AFP Chief Flags Rise of ‘Nihilistic’ Networks Behind Youth Radicalisation

By Naziya Alvi Rahman
Naziya Alvi Rahman
Naziya Alvi Rahman
Naziya Alvi Rahman is a Canberra-based journalist who covers political issues in Australia. She can be reached at Naziya.Alvi@EpochTimes.com.au.
October 29, 2025Updated: October 31, 2025

Australian Police Police (AFP) Commissioner Krissy Barrett says the force is confronting “decentralised online networks and loosely affiliated individuals” who glorify violence and cyberattacks.

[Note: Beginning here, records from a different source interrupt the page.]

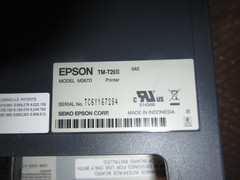 Epson TM-T20II M267D Thermal Receipt Printer Terminal AC adaptor & USB Cable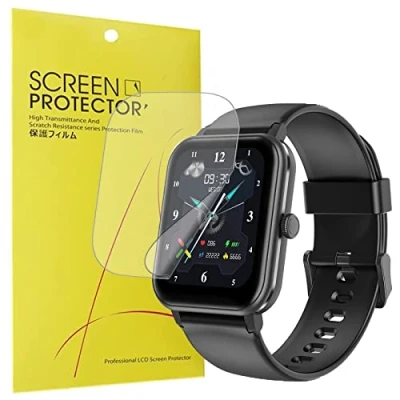 Abbildung von onetuo Schutzfolie Kompatibel für Blackview R3max Smartwatch, HD klar Flexible TPU Displayschutzfolie 1,69&quot; Smartwatch (6 Pack)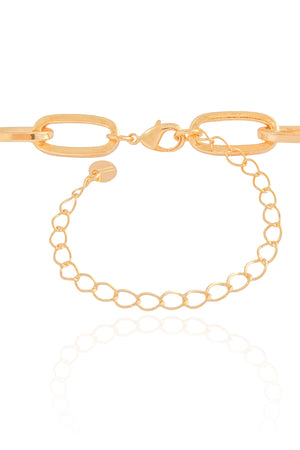 Gargantilha Elos Ovais 9 mm Banhado a Ouro 18K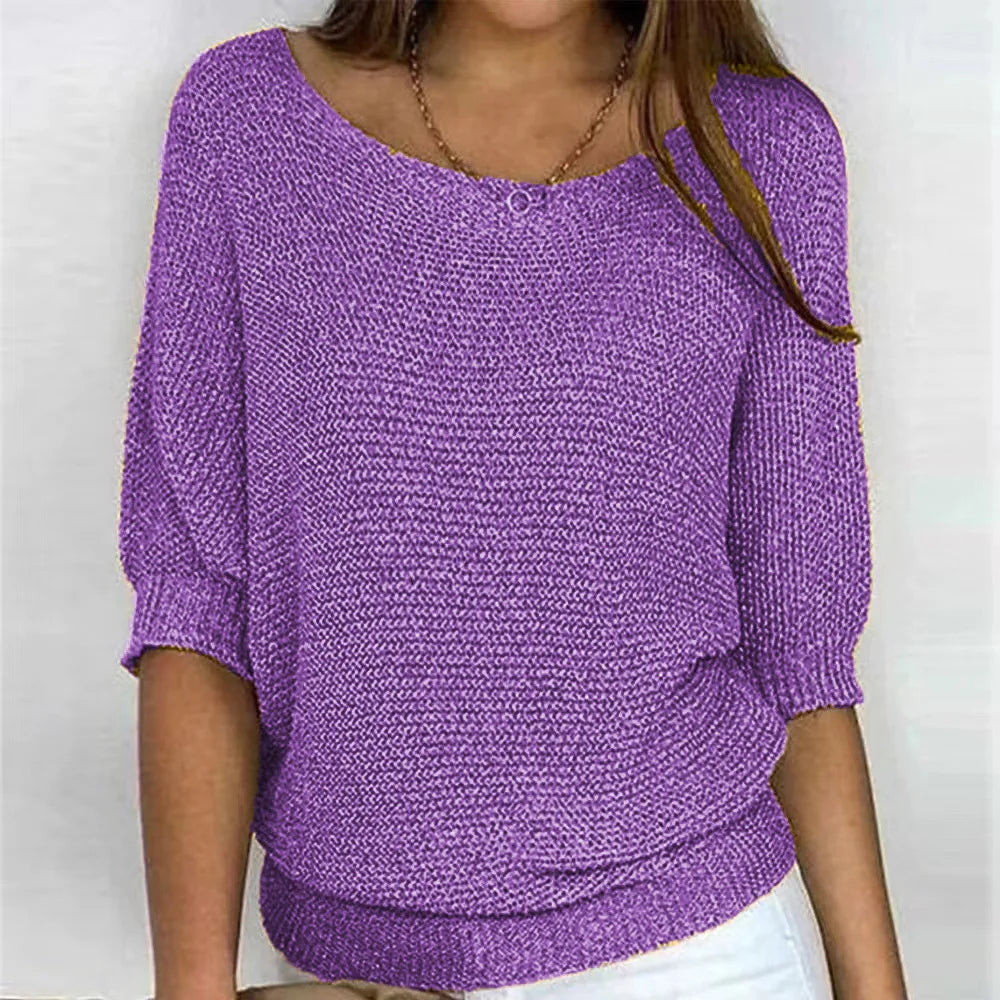 Women Sweater O-neck Autumn Basic Pullover Pulls Jumpers Korean Long-sleeved Solid Knitwear Bottoming Air-conditioned Shirt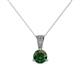 1 - Florin Diamond and Lab Created Alexandrite Pendant 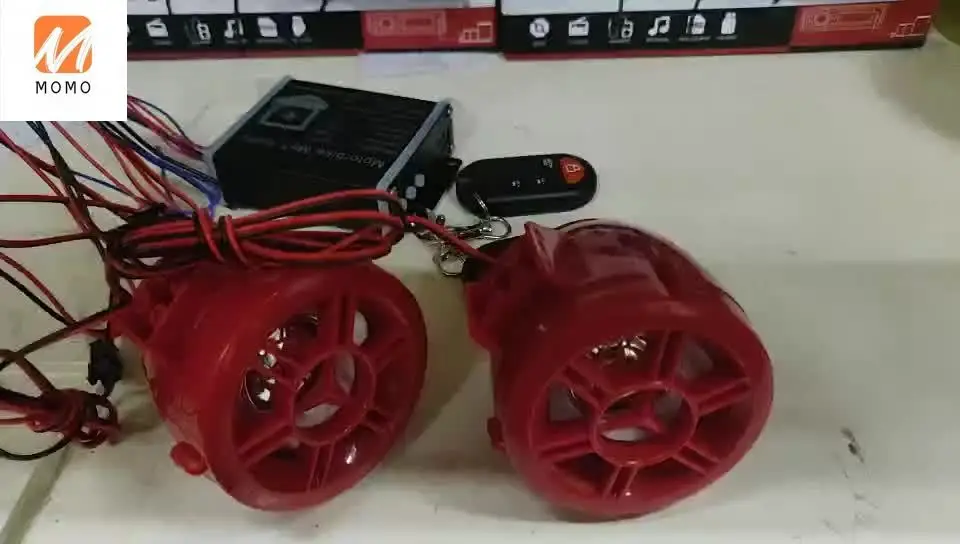 

Public Motorcycle Audio BT USB SD MP3 Interface scooter anti-theft Alarm System MP3 Audio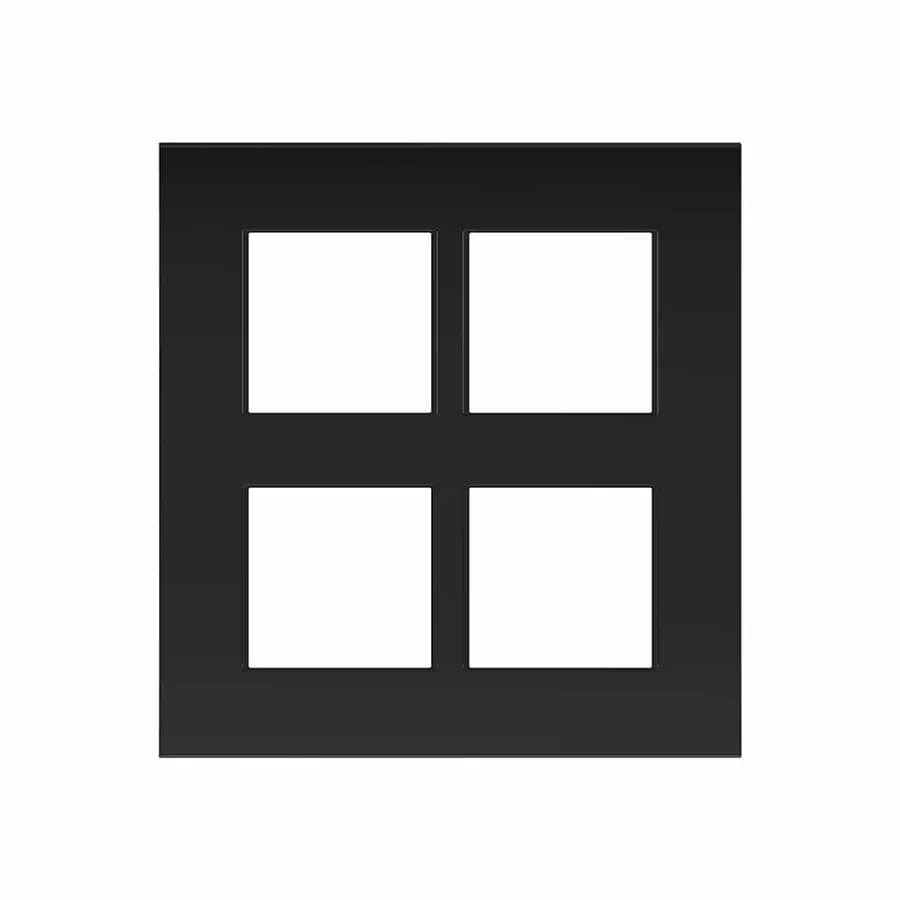 Anchor By Panasonic Tresa Solid Plates, Matt Black - Matt Black | 30216MB | 1M - View 7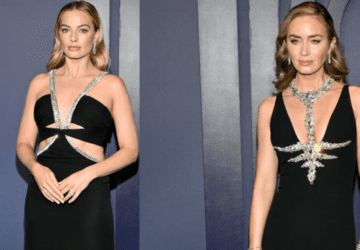 Margot Robbie and Emily Blunt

“These offenders aren’t driven by money,” she warned. “They are motivated by nihilism and sadism.”

Speaking at the National Press Club on Oct. 29, Barrett said these groups were increasingly translating online hate into real-world violence.

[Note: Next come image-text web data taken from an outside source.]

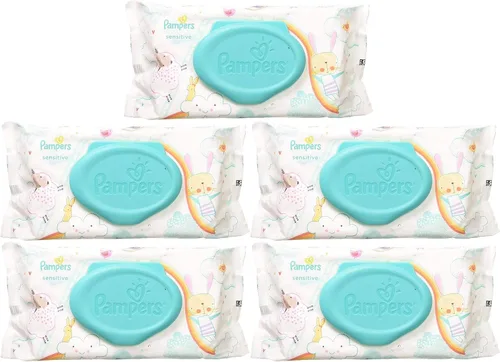 Vista 2 de Pampers Toallitas sensibles para bebés 640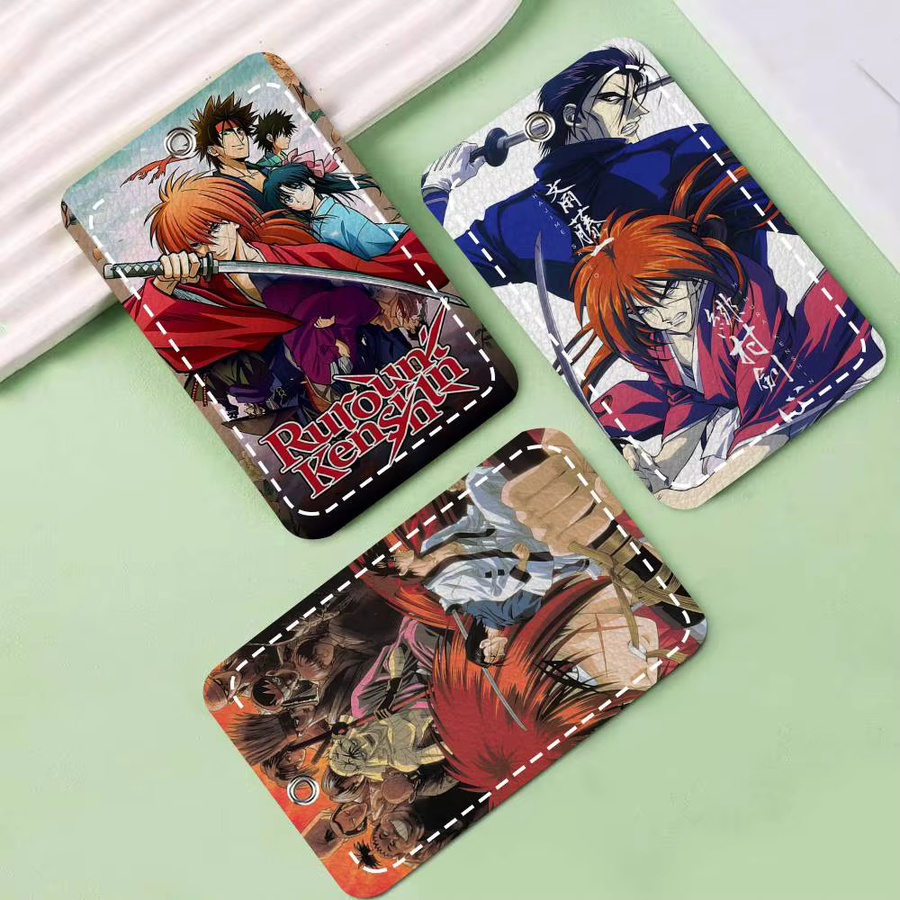 bilibili Schlüsselanhänger Leder, Kartenetui, Rurouni Kenshin - Bild 3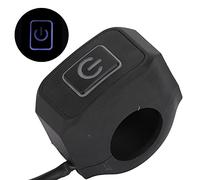 Alomejor Interrupteur de Guidon de 22 Mm en Métal ABS pour Moto, Bouton de Commande étanche pour Klaxon de Phare, Utilisation Universelle pour Moto, VTT, Vélo Tout-terrain (WHITE)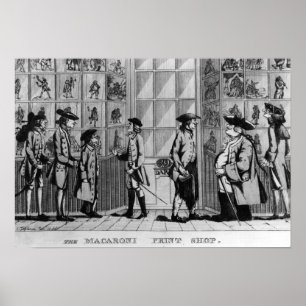 Die Makkaroni-Druckerei, Kneipe. durch N. Darley Poster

“These crimes are now spilling into the real world, and they have real-world consequence,” she said.

The AFP has already identified 59 alleged offenders linked to such networks, with arrests of individuals as young as 17 preventing further child exploitation.

New Front in Gendered Violence

Barrett described the rise of offenders targeting pre-teen and teenage girls as “a new and disturbing front in traditional gender-based violence.”

To counter this, the AFP has launched Task Force Pompolid, a unit dedicated to identifying and dismantling digital ecosystems.

The AFP will also deploy AI technology co-developed with Microsoft, designed to interpret emojis and Gen Z slang in encrypted chats to detect child exploitation before it escalates.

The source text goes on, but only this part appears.